TASK DIRECTIONS ▸ Starting with the line that contains "Vox Simple Customisable", copy every line through the end of the data below, exactly and with nothing added.

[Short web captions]

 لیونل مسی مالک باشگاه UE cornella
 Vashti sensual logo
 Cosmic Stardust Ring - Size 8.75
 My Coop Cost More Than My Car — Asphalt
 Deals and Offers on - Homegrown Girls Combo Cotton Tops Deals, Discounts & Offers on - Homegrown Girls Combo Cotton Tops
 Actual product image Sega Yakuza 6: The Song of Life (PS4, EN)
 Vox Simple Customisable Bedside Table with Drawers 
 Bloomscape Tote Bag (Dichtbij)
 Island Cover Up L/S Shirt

ANSWER TO THE EXERCISE ▸
 Vox Simple Customisable Bedside Table with Drawers 
 Bloomscape Tote Bag (Dichtbij)
 Island Cover Up L/S Shirt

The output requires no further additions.